我有以下代码
import scrapy
import re
class NamePriceSpider(scrapy.Spider):
name = 'namePrice'
start_urls = [
'https://www.cotodigital3.com.ar/sitios/cdigi/browse/'
]
def parse(self, response):
all_category_products = response.xpath('//*[@id="products"]')
for product in all_category_products:
name = product.xpath('//div[@class="descrip_full"]/text()').extract()
price = product.xpath('//span[@class="atg_store_productPrice" and not(@style)]/span[@class '
'="atg_store_newPrice"]/text() | //span[@class="price_discount"]/text()').re(
r'\$\d{'
r'1,'
r'5}(?:['
r'.,'
r']\d{'
r'3})*('
r'?:[., '
r']\d{2})*')
yield {'name': name,
'price': price}
next_page = response.xpath('//a[@title = "Siguiente"]/@href').extract_first()
next_page = response.urljoin(next_page)
if next_page:
yield scrapy.Request(url=next_page, callback=self.parse)

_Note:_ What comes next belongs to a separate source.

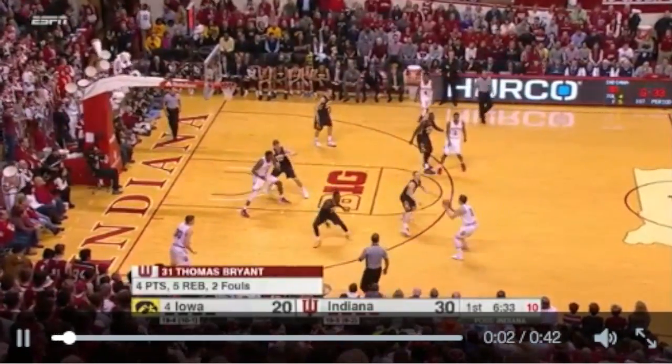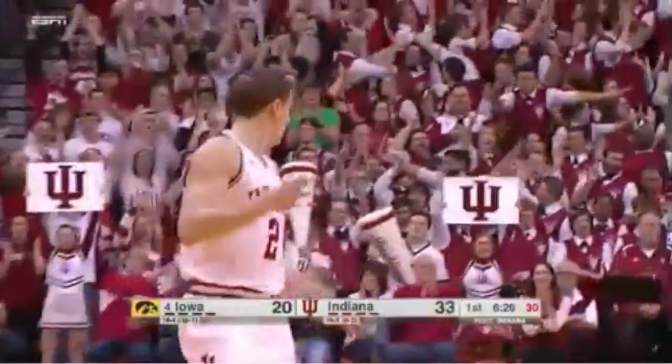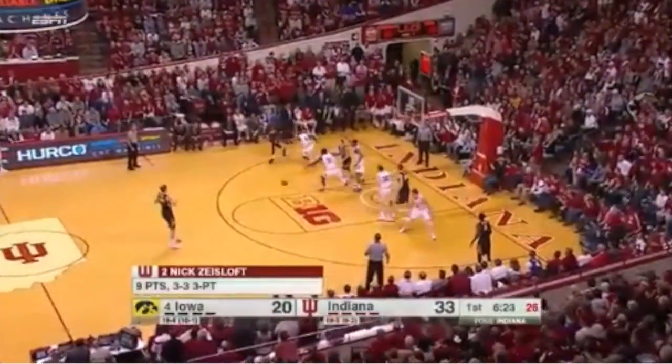Back to Williams, 10 to shoot. Zysloff pulls the trigger on a three — that's good! Beautiful shot by Nick Zysloff, a teardrop. Indiana's got to capitalize on whenever they get those second-chance opportunities. Great job there by the Hoosiers.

效果很好,可以在超市网站的多个页面中刮取产品名称和价格。我遇到的问题是,当我将所有信息输出到json文件中时,有不同的结构,例如{“ name”:[“ a”,“ b”,“ c”],“ price”:[“ 10 “,” 20,“ 30”]}(一页)和{“ name”:[“ d”,“ f”,“ g”],“ price”:[“ 40”,“ 50,” 60“]}对于其他页面。我希望所有页面都有一个结构,这样更容易迭代:{“ name”:[“ a”,“ b”,“ c”,“ d”,“ f”,“ g”], “价格”:[“ 10”,“ 20,” 30“,” 40“,” 50,“ 60”]}。有没有办法做到这一点?